What is the EU pay transparency directive?
The European Union (EU) pay transparency directive, came into force since 6th June 2023. It introduced measures to promote pay transparency and address gender pay gaps in EU countries. The first reports are due to be published in 2027, covering the 2026 calendar year.
Why is the EU implementing the pay transparency directive?
The EU is implementing the pay transparency directive with the goals of addressing gender pay gaps, promoting workplace equality and ensuring equal pay for equal work.
The directive prohibits pay secrecy and requires businesses to document and report pay structures to uncover disparities and promote fair practices.
The implementation of this directive aligns with broader EU efforts to advance gender equality, eliminate discrimination and foster inclusivity. By actively working towards reducing gender pay disparities across the EU, the directive aims to create more fair and inclusive work environments.
The gender pay gap across the European Union (EU)
- Women earn 13% less than men on average
- Widest gaps: Latvia (22%), Estonia (21%)
- Narrowest gaps: Luxembourg (0.7%), Romania (2.4%)
- Pay discrimination impacts women in management, professional and skilled trades
- Gender pay gap extends to benefits and pensions, resulting in a 30% pension gap
Key Stakeholders and their Interests in pay distribution, transparency and equity
Various stakeholders, both internal and external to the companies, have a keen interest in how organisations distribute pay. These stakeholders include:
- Employees - For transparency and equitable compensation.

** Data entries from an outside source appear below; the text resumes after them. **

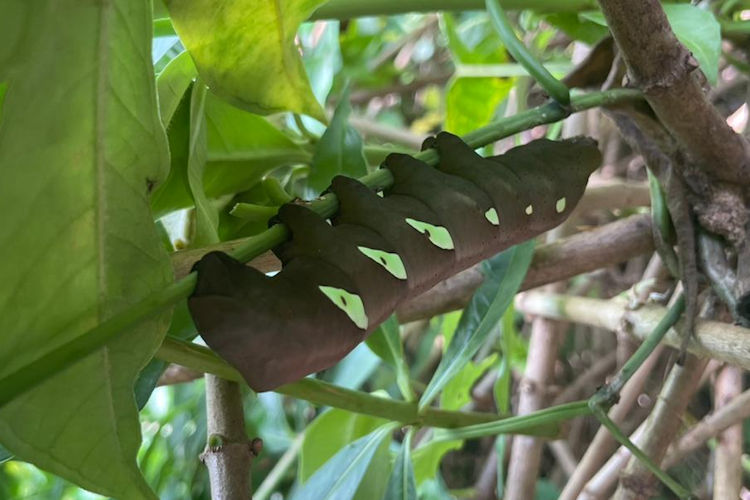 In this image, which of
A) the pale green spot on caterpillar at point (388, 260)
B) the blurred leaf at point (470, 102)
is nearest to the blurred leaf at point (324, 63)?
the blurred leaf at point (470, 102)

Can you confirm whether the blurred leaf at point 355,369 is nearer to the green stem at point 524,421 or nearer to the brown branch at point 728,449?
the green stem at point 524,421

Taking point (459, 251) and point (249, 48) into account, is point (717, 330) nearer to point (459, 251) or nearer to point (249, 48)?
point (459, 251)

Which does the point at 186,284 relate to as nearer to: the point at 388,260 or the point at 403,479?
the point at 388,260

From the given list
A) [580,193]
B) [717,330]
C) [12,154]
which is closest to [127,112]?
[12,154]

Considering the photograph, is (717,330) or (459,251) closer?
(459,251)

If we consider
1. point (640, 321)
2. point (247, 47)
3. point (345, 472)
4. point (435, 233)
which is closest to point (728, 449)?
point (640, 321) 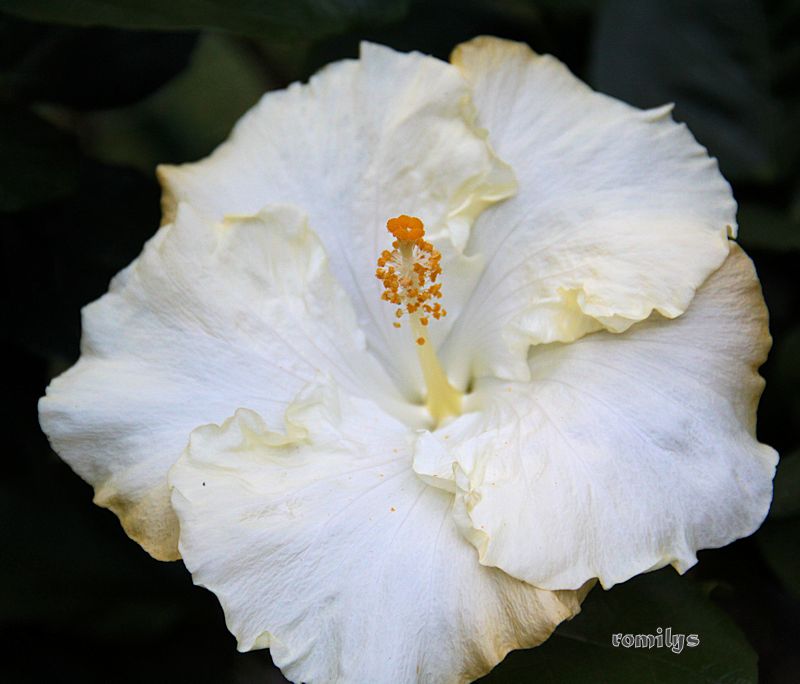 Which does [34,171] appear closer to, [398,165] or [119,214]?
[119,214]

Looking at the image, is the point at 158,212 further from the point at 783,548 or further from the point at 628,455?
the point at 783,548

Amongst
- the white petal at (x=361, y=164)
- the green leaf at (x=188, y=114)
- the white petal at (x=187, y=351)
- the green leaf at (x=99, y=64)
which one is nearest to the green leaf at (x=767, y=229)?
the white petal at (x=361, y=164)

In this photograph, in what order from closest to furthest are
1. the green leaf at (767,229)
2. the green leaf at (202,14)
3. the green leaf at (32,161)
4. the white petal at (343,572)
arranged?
1. the white petal at (343,572)
2. the green leaf at (202,14)
3. the green leaf at (32,161)
4. the green leaf at (767,229)

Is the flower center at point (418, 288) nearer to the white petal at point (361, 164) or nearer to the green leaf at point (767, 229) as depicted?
the white petal at point (361, 164)

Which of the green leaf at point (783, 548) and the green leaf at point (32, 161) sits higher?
the green leaf at point (32, 161)

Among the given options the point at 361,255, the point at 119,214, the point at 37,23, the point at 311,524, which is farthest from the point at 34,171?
the point at 311,524

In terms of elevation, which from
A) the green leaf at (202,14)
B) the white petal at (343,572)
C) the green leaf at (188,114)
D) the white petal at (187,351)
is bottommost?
the green leaf at (188,114) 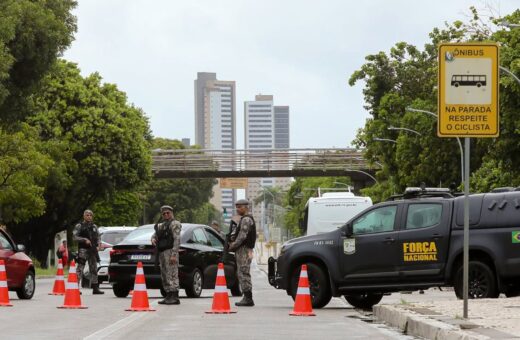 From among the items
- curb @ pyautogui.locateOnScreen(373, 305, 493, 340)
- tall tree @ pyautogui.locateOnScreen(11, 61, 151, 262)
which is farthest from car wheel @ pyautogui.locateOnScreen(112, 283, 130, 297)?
tall tree @ pyautogui.locateOnScreen(11, 61, 151, 262)

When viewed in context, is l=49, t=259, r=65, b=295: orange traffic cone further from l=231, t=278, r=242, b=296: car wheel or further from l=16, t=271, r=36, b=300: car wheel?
l=231, t=278, r=242, b=296: car wheel

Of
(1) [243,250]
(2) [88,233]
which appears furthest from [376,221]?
(2) [88,233]

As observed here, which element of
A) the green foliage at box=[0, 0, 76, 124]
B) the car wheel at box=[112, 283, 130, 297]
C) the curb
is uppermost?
the green foliage at box=[0, 0, 76, 124]

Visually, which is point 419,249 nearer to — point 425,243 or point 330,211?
point 425,243

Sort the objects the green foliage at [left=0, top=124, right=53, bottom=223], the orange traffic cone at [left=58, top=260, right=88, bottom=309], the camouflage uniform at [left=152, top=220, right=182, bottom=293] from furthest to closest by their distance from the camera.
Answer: the green foliage at [left=0, top=124, right=53, bottom=223] < the camouflage uniform at [left=152, top=220, right=182, bottom=293] < the orange traffic cone at [left=58, top=260, right=88, bottom=309]

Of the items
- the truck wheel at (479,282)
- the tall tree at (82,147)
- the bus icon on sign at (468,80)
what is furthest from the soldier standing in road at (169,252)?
the tall tree at (82,147)

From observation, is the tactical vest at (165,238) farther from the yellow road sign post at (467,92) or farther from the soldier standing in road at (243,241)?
the yellow road sign post at (467,92)

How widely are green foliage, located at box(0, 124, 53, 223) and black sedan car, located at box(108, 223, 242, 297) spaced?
825 inches

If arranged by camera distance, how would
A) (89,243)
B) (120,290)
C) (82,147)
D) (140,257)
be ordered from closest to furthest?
1. (140,257)
2. (120,290)
3. (89,243)
4. (82,147)

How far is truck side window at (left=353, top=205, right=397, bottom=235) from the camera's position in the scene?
886 inches

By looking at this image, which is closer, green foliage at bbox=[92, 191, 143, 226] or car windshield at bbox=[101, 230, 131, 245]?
car windshield at bbox=[101, 230, 131, 245]

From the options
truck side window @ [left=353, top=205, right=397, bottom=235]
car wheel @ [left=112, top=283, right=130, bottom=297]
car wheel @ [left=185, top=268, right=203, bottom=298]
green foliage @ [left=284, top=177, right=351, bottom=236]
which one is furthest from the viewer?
green foliage @ [left=284, top=177, right=351, bottom=236]

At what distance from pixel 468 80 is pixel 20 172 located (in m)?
37.4

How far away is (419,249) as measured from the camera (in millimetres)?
22125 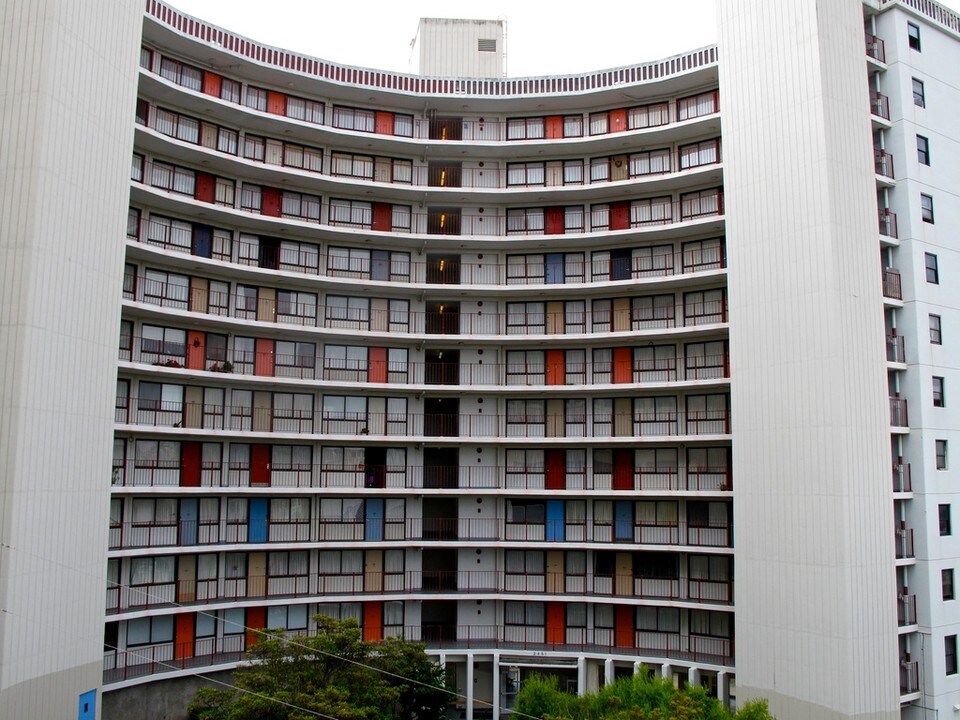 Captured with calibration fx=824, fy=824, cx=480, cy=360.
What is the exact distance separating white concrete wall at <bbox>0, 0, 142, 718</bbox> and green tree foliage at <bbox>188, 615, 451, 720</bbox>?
492cm

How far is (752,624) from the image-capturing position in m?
29.3

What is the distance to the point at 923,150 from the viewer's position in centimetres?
3178

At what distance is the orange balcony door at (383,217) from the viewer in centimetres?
3925

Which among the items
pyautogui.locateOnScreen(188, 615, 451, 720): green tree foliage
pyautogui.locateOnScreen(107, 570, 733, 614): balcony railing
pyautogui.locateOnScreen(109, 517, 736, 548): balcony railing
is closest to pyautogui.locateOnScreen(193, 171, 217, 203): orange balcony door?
pyautogui.locateOnScreen(109, 517, 736, 548): balcony railing

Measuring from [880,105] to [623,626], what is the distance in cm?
2355

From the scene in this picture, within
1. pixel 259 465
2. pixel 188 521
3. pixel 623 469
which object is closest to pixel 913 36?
pixel 623 469

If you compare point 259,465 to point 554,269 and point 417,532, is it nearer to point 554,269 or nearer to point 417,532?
point 417,532

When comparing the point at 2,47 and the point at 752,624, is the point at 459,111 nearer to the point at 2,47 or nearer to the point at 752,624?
the point at 2,47

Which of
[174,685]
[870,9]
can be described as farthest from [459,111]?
[174,685]

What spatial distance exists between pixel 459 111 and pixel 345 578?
73.8 feet

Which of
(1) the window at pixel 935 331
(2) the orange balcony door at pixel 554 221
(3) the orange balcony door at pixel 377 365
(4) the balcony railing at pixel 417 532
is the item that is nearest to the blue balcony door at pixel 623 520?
(4) the balcony railing at pixel 417 532

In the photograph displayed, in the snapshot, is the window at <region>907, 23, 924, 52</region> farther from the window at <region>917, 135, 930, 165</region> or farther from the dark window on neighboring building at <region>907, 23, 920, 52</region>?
the window at <region>917, 135, 930, 165</region>

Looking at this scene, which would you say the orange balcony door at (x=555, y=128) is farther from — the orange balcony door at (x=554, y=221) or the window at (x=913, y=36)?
the window at (x=913, y=36)

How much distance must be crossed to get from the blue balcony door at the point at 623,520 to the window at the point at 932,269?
49.4 feet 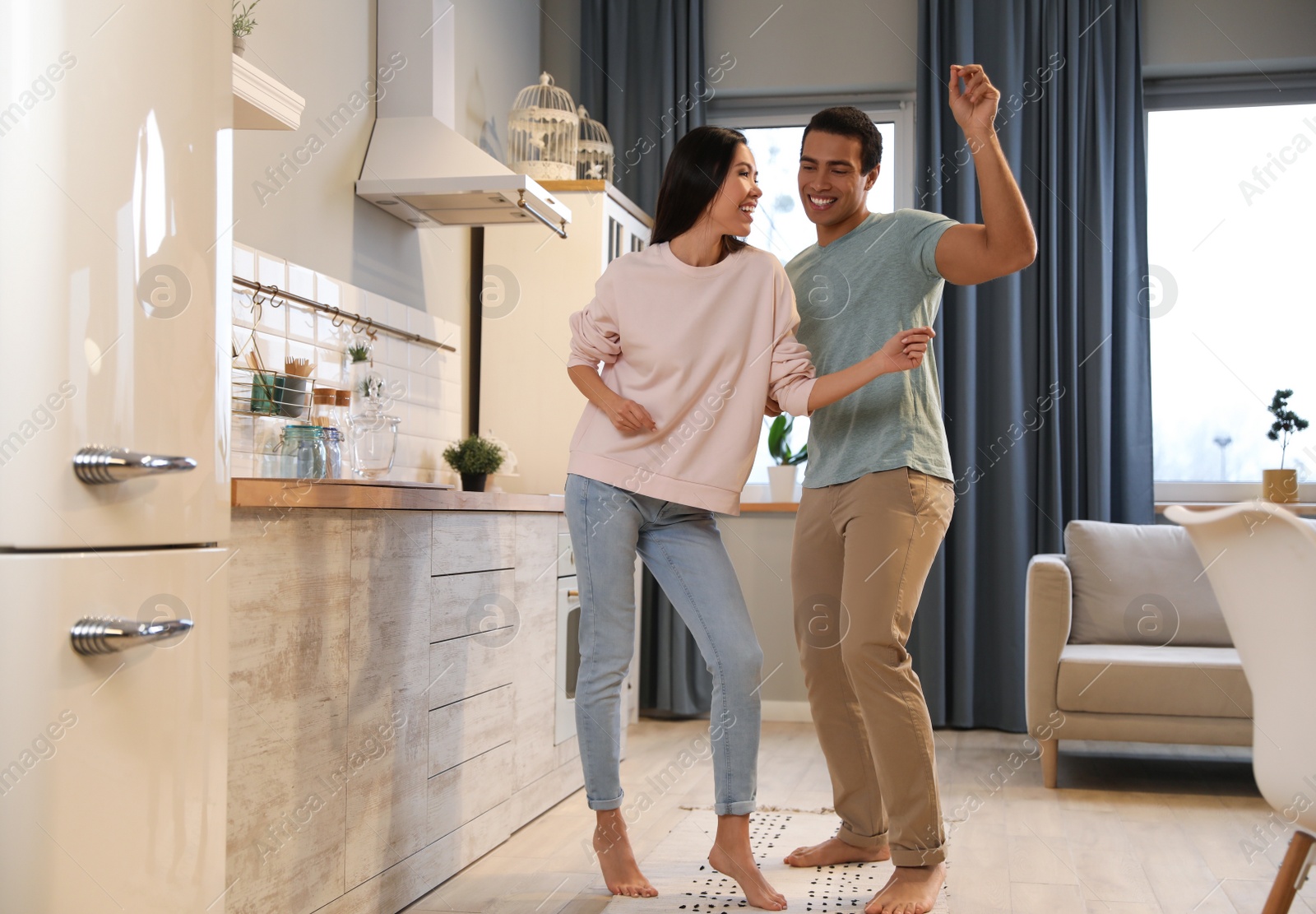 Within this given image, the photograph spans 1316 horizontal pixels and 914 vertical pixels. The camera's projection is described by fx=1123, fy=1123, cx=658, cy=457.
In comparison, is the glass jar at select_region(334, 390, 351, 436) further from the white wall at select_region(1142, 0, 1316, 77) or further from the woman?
the white wall at select_region(1142, 0, 1316, 77)

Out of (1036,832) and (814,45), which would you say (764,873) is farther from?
(814,45)

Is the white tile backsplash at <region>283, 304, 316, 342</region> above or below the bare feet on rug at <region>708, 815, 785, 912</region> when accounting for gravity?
above

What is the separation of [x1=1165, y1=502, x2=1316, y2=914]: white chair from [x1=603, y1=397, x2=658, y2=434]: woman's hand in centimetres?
93

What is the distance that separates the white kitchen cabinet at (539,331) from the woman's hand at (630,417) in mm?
1709

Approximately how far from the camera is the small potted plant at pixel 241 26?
215 cm

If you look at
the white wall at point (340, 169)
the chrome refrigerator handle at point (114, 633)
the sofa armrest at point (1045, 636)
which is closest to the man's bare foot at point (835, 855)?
the sofa armrest at point (1045, 636)

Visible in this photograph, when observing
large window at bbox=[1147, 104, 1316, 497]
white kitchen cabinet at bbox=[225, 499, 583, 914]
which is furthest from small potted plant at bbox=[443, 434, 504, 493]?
large window at bbox=[1147, 104, 1316, 497]

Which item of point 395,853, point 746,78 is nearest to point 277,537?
point 395,853

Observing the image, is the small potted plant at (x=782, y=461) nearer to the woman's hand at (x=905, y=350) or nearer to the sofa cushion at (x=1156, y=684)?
the sofa cushion at (x=1156, y=684)

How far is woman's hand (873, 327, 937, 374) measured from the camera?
1771 millimetres

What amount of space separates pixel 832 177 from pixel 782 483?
236cm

- Unions - To ensure fair treatment and wages for their members.
- Work councils - Take part in decision-making processes for pay.
- Stakeholders - To ensure no reputational risk based on pay disparity.
- Journalists - Report on pay transparency and pay disparities to a wider audience.
By actively considering the interests of stakeholders in pay distribution, transparency and equity, organisations can create a harmonious and inclusive work environment, attract and keep top talent and build a positive public image.
Implications of pay disparity
- Can demotivate employees and impact engagement.
- Lack of transparency can hinder recruitment and deter top talent.
- Insufficient transparency limits employees' ability to negotiate fair compensation.
- Can contribute to higher employee turnover.
- Negative publicity can damage brand perception.
Addressing these issues is important to foster a fair and inclusive work environment as well as to attract top talent and portray a positive brand image.
What businesses need to do to prepare for the EU pay transparency directive?
Businesses should start planning and organising early rather than waiting. Early commitment to pay transparency can be a competitive advantage.
Key areas to consider when preparing include:
Understand compliance requirements
- Familiarise yourself with legal obligations and directive requirements.
- Stay informed about national implementation and penalties for non-compliance.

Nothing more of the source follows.